The gap in the literature relating to clinical performance success is evident. Considering the practical nature of nursing, this is an area that needs prompt exploration.
Historically, nursing education in Australia, where this study was conducted, was predominantly a hospital-based apprenticeship style system. During the mid-1980s, nursing education commenced a period of reform resulting in a transition from the hospital- to tertiary-based education, with only the practical clinical experience conducted in hospitals at various times throughout the course (Health Workforce, 2014). Current guidelines stipulate that a minimum of 800 hours of clinical learning experience is required to be undertaken throughout a nursing course to be eligible for initial registration as an RN (Nursing and Midwifery Board of Australia, 2010). Success of clinical performance is determined by assessment of student professional knowledge, skills, and attributes against assessment criteria that comprise a set of national competency standards (Nursing and Midwifery Board of Australia, 2010). While on clinical placement, student performance is overseen by a clinical instructor or an instructor who liaises between the education provider and clinical environment.
During clinical placement, students are supported by clinical instructors in one of two models: in a group of up to eight students, or with an instructor working one-to-one with a single student. Instructors may be employed by the university or may be hospital staff who are employed directly from the hospital where they work to supervise the students for the duration of placement. Clinical instructors are responsible for assessing students' performance during the clinical placement using a purpose designed Clinical Assessment Tool (CAT). This tool was developed using the Australian Nursing and Midwifery Council (Australian Nursing and Midwifery Council, 2005) Competency Standards for Registered Nurses as a framework. The CAT form provides guidance to both students and instructors regarding expected clinical performance and provides a framework for consistent formative and summative feedback. It contains four domains each consisting of individual criteria. The four domains are professional practice, critical thinking and analysis, provision and coordination of care, and collaborative and therapeutic practice (Australian Nursing and Midwifery Council, 2010).
Based on student performance, constructive notes or learning contracts may be implemented. A constructive note is a formally written note acknowledging below standard performance and include strategies by which to improve performance. The constructive note is a useful tool for detecting patterns and deficits in clinical performance, as well as raising student awareness of performance issues. If a student's clinical performance does not improve following the delivery of a constructive note, a learning contract is implemented. A learning contract is a written agreement between the instructor and student that explicitly outlines what is expected of the student in order to achieve specified learning outcomes and subsequently be successful in the subject (Frank & Scharf, 2013).

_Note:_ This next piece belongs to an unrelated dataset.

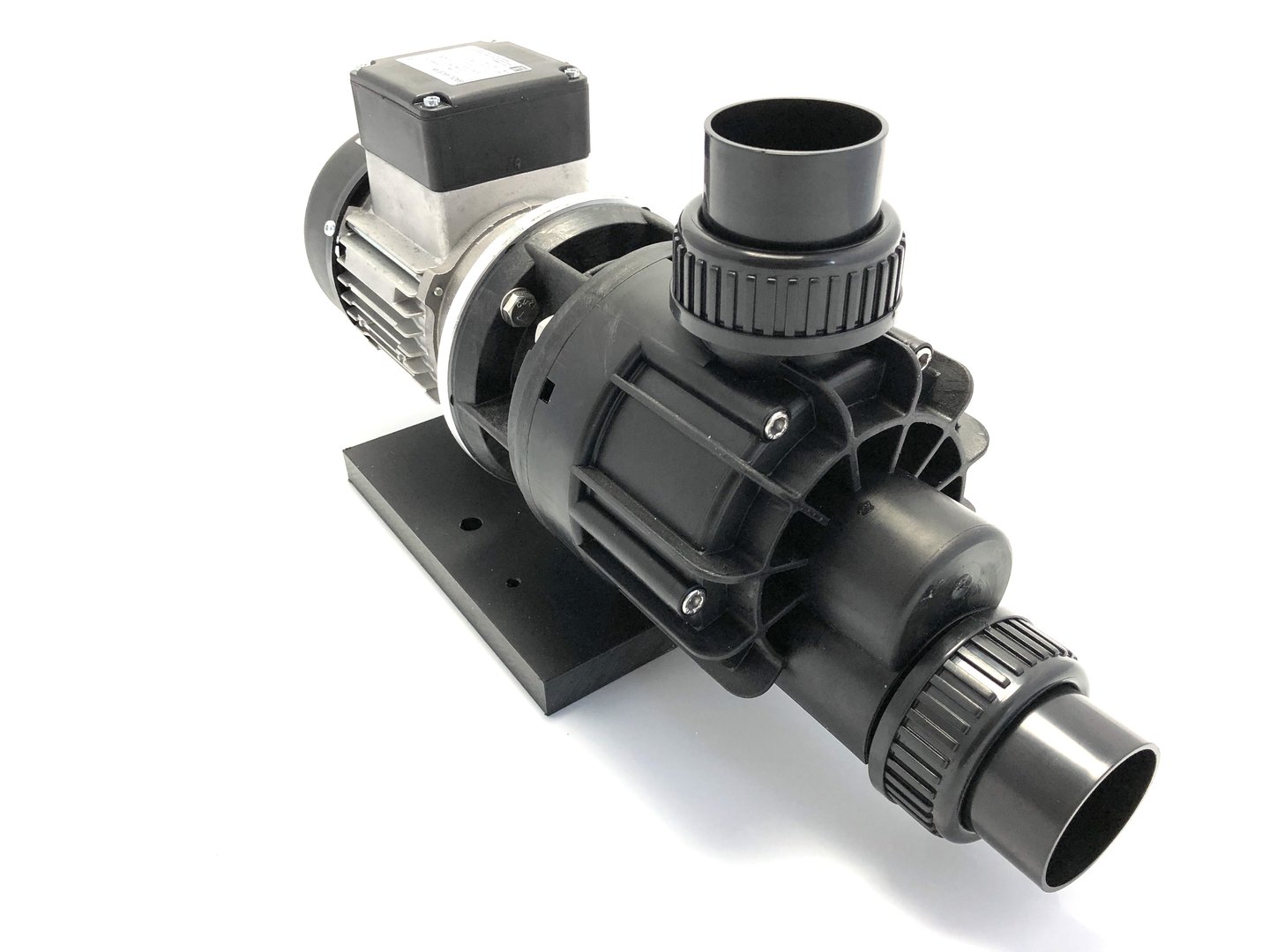 IMG_E49907gqFrYsfDv8vO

The purpose of this study was to examine factors that affect clinical performance (as determined by constructive notes, learning contracts, and successful completion of clinical placement) of second- and third-year baccalaureate nursing students at a large metropolitan university. Knowledge of factors that could be associated with success on clinical placement will assist with early identification of students at risk of failing to meet learning outcomes, allowing for implementation of additional support. Specifically, this study aimed to investigate the influence of GPA, domestic or international student status, graduate entry students' previous discipline, and enrollment in a single- or dual-degree course. The terms used in this discussion are context specific; therefore, relevant terms are defined. Domestic students are those who are Australian citizens, Australian permanent residents, or New Zealand citizens; international students are those not covered by domestic status. A graduate-entry student is a student who has previously successfully completed a course of study. GPA is generated from a student's academic achievement for each subject a student has completed, calculated on a 1 to 7 scale, with 1 equating to a low fail, 4 a pass, and 7 a high distinction. (Queensland University of Technology, 2013). Student clinical performance is graded as satisfactory or unsatisfactory and therefore does not contribute to the GPA.
This study used a retrospective audit design where the academic records of students in the second-year, second-semester clinical subject or the third-year, first-semester clinical subject in 2014 were reviewed.
This study was conducted at a large metropolitan Australian university. At the time of the study, the school of nursing had approximately 2,900 continuing undergraduate students across the 3-year nursing course that consisted of 24 subjects delivered across six semesters (3 years full time). Clinical learning experience was embedded in the final five semesters of the course, and students attended a wide range of health care facilities in various settings, including community, primary health care, residential facilities, and acute care hospitals.
All students enrolled in either the second-year, second-semester clinical subject or the third-year, first-semester clinical subject were included in the study. There were 665 students enrolled: 439 second-year students and 226 third-year students. All students attended 4 weeks of clinical placement.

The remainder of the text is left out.